#### Approach #1 Two Pointers [Time Limit Exceeded]

**Intuition**

Find the $$k$$'th position from the end, cut the list form there then move second part in front of first part.

**Algorithm**

List is Single Linked List and we need to cut it at k'th position from tail. As there is only forward links, we need to figure out a way to find it form beginin of linked list.

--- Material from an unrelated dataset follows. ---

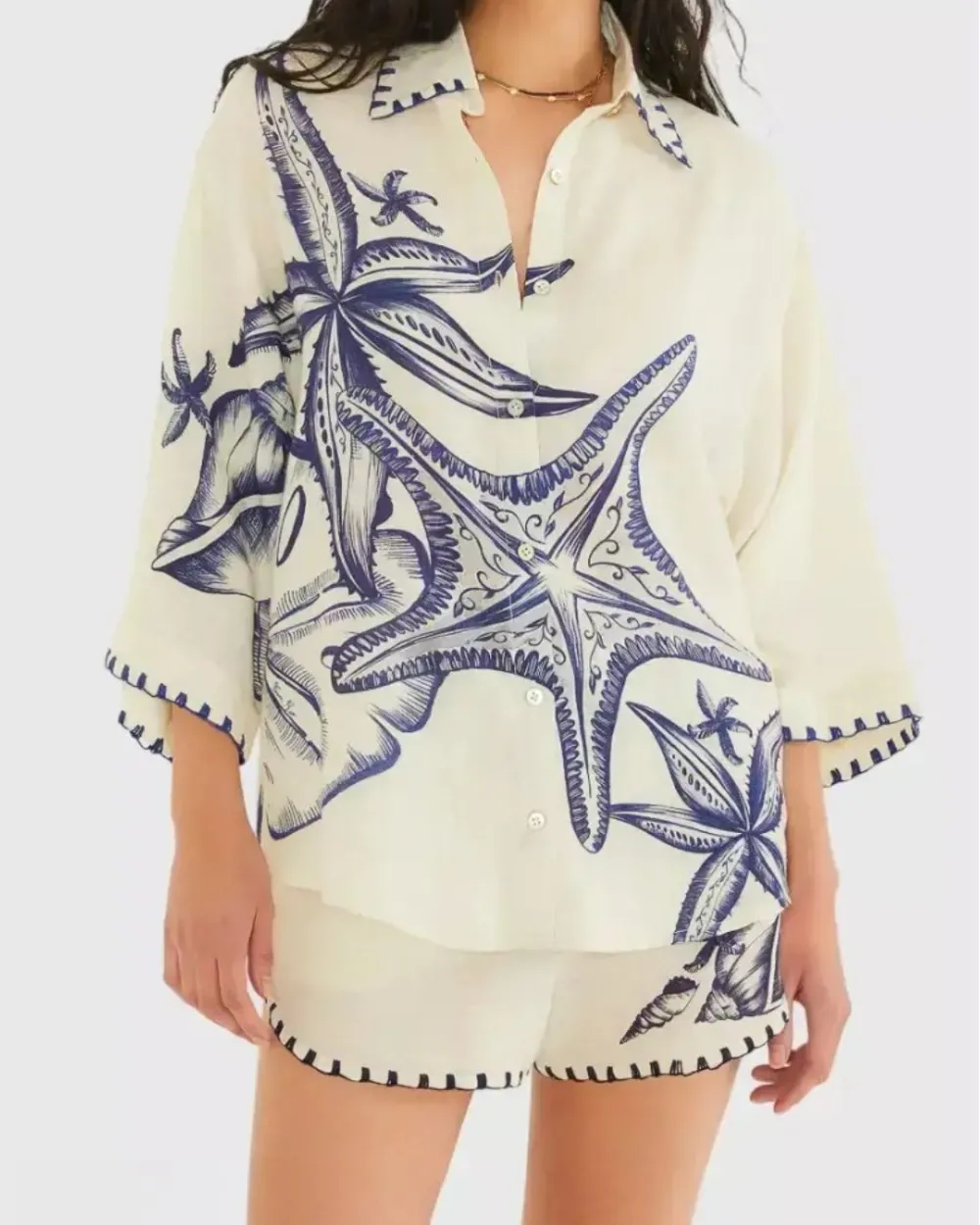 Seashell Print Shirt and Shorts Set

One quick approach will be iteration form the head to tail and cmoputing the list $$length$$. then the cut point will be $$length-k$$'th position. Then in a second tour the list will be cut at that point and and the second half will be moved to in front of the List.

```
/**
* Definition for singly-linked list.
* public class ListNode {
* int val;
* ListNode next;
* ListNode(int x) { val = x; }
* }
*/
class Solution {
public ListNode rotateRight(ListNode head, int k) {
if(head == null || k ==0 )
return head;
ListNode first;
ListNode second;
first=head;
int i=0;
while(i++ < k ){
first = first.next;
if(first == null){ // that means k > l. choose to return
first = head;
}
}
second =head;
while(first.next!=null){
first=first.next;
second=second.next;
}
//now second points to element at l-k
first.next = head;
ListNode nth=second.next;
second.next = null;
return nth;
}
}
```

**Complexity Analysis**

- Time complexity : $$O(k)$$.

To find k'th position, algorithm traverses k times. rest of the operations are constant time.

#### Approach #2 Avoiding multiple traversals [Accepted]

**Algorithm**

Previous approach have $$O(k)$$ time complexity. When this $$k$$ is too large, the solution will fail to finish in expected time limits.

In order to find $$k$$'th position, multiple times the list might traversed. However, those extra traversal can be avoided by checking the list $$length$$ and $$k$$ values. A large k'th value equal to length would have no effect on the list.

Rotation the list by its length is equal to initial list. So, for large k values, only $$k~mod~length$$ many rotation is needed.

**Java**

```
/**
* Definition for singly-linked list.
* public class ListNode {
* int val;
* ListNode next;
* ListNode(int x) { val = x; }
* }
*/
class Solution {
public ListNode rotateRight(ListNode head, int k) {
if(head == null || k ==0 )
return head;
ListNode first;
ListNode second;
first=head;
int i=0;
while(i++ < k ){
first = first.next;
if(first == null){ // that means k > l. choose to return
first = head;
int length = i;
i=0;
k=k%length;
}
}
second =head;
while(first.next!=null){
first=first.next;
second=second.next;
}
//now second points to element at l-k
first.next = head;
ListNode nth=second.next;
second.next = null;
return nth;
}
}
```

**Complexity Analysis**

Algorithm traverse up to end of list which take $$n$$ operations then take $$k~mod~length$$ more steps which is smaller then $$n$$.

So, time complexity is $$O(2n) = O(n)$$.